On Wed, Nov 27, 2013 at 04:06:58PM -0500, Battocchi, Scott L. wrote:
I ran the GPS while connected to a handful of ntp servers and saw that my gps offset (originally 0.180) was too low, so I bumped it up to 0.530 for the next two tests.  I've attached plots of the offset as recorded in the statistics.log file, if there are other metrics that would be useful I'm happy to graph them and send them out.
ntp.png is with 5 pool servers and the GPS set to noselect (PPS is not locked to anything, but is selectable)
gps.png is after the ntp test but back to just using the GPS and PPS, it looks like sometimes GPS gets selected as the source forcing the PPS signal to look like it is drifting relative to the system.

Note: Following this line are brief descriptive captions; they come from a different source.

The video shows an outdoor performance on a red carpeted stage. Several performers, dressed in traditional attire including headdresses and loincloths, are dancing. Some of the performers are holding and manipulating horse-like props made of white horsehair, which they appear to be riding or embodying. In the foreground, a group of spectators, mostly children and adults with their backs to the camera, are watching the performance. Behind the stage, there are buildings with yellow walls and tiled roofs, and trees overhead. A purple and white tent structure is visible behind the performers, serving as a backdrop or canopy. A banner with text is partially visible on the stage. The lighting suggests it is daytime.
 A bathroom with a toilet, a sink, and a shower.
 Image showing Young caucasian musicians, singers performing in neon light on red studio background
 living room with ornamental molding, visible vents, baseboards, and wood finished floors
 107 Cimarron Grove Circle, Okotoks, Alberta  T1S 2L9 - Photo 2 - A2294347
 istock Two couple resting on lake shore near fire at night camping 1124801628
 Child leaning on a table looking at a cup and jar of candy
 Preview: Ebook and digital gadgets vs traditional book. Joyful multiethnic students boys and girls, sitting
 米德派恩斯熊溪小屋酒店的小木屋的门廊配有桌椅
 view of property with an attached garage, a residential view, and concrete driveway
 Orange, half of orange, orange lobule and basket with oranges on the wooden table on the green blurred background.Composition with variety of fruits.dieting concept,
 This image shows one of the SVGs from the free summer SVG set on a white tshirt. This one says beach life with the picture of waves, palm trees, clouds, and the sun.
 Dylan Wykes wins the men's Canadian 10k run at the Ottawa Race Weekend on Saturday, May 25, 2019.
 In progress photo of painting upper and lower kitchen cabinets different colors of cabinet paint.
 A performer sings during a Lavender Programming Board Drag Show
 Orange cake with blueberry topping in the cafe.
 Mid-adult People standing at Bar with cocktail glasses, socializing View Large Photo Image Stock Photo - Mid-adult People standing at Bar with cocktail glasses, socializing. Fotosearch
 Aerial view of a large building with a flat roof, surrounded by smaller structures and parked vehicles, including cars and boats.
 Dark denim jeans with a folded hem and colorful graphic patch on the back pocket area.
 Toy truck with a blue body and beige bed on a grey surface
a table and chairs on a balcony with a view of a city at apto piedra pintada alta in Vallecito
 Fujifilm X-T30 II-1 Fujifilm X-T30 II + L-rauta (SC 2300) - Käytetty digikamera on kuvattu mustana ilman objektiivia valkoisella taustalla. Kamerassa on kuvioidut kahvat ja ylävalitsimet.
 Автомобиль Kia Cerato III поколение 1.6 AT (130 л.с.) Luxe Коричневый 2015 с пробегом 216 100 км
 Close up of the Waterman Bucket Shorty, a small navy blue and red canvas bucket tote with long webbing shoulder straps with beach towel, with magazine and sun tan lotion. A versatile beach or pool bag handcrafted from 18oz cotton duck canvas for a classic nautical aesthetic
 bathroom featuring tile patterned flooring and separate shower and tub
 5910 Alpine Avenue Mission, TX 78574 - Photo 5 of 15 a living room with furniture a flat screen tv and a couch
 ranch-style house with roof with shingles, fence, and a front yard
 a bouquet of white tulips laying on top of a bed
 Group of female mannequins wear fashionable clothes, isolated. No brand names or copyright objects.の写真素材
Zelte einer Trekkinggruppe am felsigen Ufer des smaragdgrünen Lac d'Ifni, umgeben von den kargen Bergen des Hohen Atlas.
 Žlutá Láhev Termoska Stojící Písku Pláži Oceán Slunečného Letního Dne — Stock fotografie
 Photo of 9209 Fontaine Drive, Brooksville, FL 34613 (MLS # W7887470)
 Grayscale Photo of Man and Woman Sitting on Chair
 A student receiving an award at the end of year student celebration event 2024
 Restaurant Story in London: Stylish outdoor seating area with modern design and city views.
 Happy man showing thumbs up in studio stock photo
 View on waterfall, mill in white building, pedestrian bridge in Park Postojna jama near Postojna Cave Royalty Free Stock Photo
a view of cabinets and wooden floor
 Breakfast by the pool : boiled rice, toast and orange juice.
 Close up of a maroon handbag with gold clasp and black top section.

That looks similar to what I see with with a Garmin 18x LVC. This is a
capture 30 hours long I did some time ago (the NMEA source's offset
value was set to 0.5):

http://mlichvar.fedorapeople.org/tmp/18x_nmea.png

Is this the nmea time or the PPS time? And is the vertical axis seconds or
milliseconds? The problem in his case is that the PPS signal is occasionally
(but far too often) off by almost .3 sec. That is rediculous. And it is only
when the gps-nmea and the PPS are the only sources.

I see nothing like that with my Sure gps with PPS driving chrony. On the other
hand I use a "self rolled" pps interrupt driver on the parallel port, not the
Linux supplied serial port driver. But the graph where he runs the PPS together with the external ntp sources
shows no sign of that kind of absurd jumps in the PPS time, so that would
suggest that the interrupt handler is OK.



Since gpsd has added support for kernel PPS, I think it's better to
use the SHM 1 or SOCK source instead of PPS. Let it handle the HW
details and pair the PPS and NMEA samples.

I think a portion of my original confusion was that the chronyc sources command was indicating that the pulse had never been seen, as opposed to it being seen and ignored.  I need to compare the GPS logs with the chrony logs to see if the changing offset is a function of the number of satellites in view, otherwise I don't have a great explanation for the wander seen in the ntp plot.

From what I remember from other discussions about NMEA timing, it
mainly depends on how is the firmware implemented and the number of
visible satellites may have nothing to do with it.